神社后院里,我们见到了身着巫女服的翔鹤,她束起了头发,给人一种“啊,改装前的样子就是这么美丽”的感觉呢。
“这是吾妹能代让我带过来的桂花酒,请笑纳。”
翔鹤深深地鞠了一躬,道:“承蒙佳品,非常感谢。”
“唔,那个竹筒是什么,是求签的神符吗?”我看到翔鹤身边放着的竹筒,非常感兴趣。
“啊啦,提督君,要试着抽一根吗?”
阿贺野抢先道:“要的要的,我和提督君都要抽一下感情运势!”
阿贺野:中吉
翔鹤看了一眼我,露出高深莫测的笑容。随后才转而对阿贺野恭喜道:“阿贺野,你和喜欢的人,会成为亲密无间的一家人哦。”
紧紧地把这只签放在胸前,阿贺野幸福的样子几乎快要把我的心都融化了。
提督:大凶
翔鹤面露难色,看着这张签,最后还是非常小心的选择措辞告诉我说:“提督,在和喜欢的人相守之前,可能会遭遇几场大的灾祸。”
我一头黑线,有些不情不愿地接过来看了一眼。不过果然是一点也看不明白,放回竹筒。
“不过,只是作为参考,提督君,不要把这种事情太放在心上哦?”翔鹤安慰道。
我作势要倒,阿贺野则捂着嘴笑了。
“喂,这不是丢勒么,不忙着夜战,怎么还有时间来庙会玩啊,还有,陪在你身边的那个是个什么档次的舰娘啊,哈哈哈!”迎面,一位同在特鲁克港的某位提督走了过来,不怀好意搭话的样子,似乎在试探我镇守府的底细。

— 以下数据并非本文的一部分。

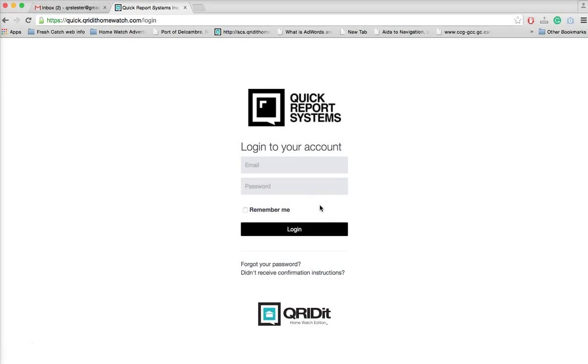Welcome to QRS tutorial. Forgot your password? If you need to reset or change your password, you simply go to your home watch provider's login page. If you're not sure on how to do this, you can contact your home watch provider to get the link.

阿贺野闻言,立马感觉到了敌意,她躲在了我背后,双手握住我的袖口。
“过奖了,我也听说您府上的阿武隈夏活立功,前几日才刚刚二婚,恭喜恭喜。”
“正是正是!老弟贵府上没有大和大凤,不知这婚舰预定又是哪位啊?”
我叹了口气,知道他在嘲笑我,便在心底思念着那个身影,朗声道:“您不妨猜猜看,这只舰:眉黛如画,英气凌于娇美;眸盈似血,飒烈不掩温柔。风吹薄命誓不悔,血染红衫身不退;举世红颜皆蔺草,唯有此花向天飞!”
那位提督皱起眉,思量些许,问道:“扶桑?”
我摇摇头,目光回到阿贺野身上,只见她也呆呆地看着我,单纯无邪的眼神中也多了几分思量,好像明白了一些什么,握紧我的手松了几分力气,最后放开了。
“回去吧。”我柔声说道。
回去的路上,竹林两旁已经没有行人了。
秋日祭的热闹渐渐消减。
我望着阿贺野问,“今天,好像很开心的样子嘛?”
她拨弄着靓丽乌黑的长发,说:“嗯,这是阿贺野最最最开心的一天啦,看烟火很开心,祈福很开心,求签也很开心,提督陪着阿贺野,所以最开心啦!”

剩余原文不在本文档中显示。